A three-judge panel at the Seoul High Court suspended the sentence for five years, meaning that the 69-year-old head of the world's sixth-largest automaker will not have to serve the prison time as long as he keeps a clean record for five years.
A lower court had sentenced Chung in February to three years for embezzling the equivalent of more than US$100 million (€73 million) in company money to set up a slush fund. Prosecutors say much of the fund was used to pay lobbyists to gain government favors and for personal use.
Presiding Judge Lee Jae-hong told the packed courtroom that Hyundai has great influence over the nation's economy and Chung, its hands-on leader, is the symbol of the company.
"I am also a citizen of the Republic of Korea," Lee said. "I was unwilling to engage in a gamble that would put the nation's economy at risk."
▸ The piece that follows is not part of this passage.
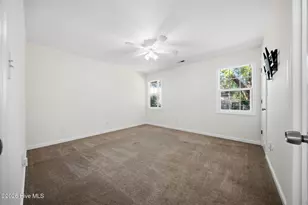 700 Covington Ct, Hubert, NC 28539 - Photo 23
Chung, free on bail after spending two months in jail for questioning after his arrest in April last year, has been actively running Hyundai, which has ambitions to become the work's fifth-largest automaker by 2010.
Lee struggled with the decision, originally set for July 10, and postponed it twice, saying the court needed more time. He said he sought the views of various people, including other judges, prosecutors, lawyers, journalists and "even taxi drivers and restaurant employees."
In his appeal, Chung asked the court to be allowed to avoid prison to devote his energies to South Korea's biggest automaker to contribute to the country's economy.
Prosecutors sought a six-year prison term, the same as their original demand, saying the original decision was not harsh enough for the crime.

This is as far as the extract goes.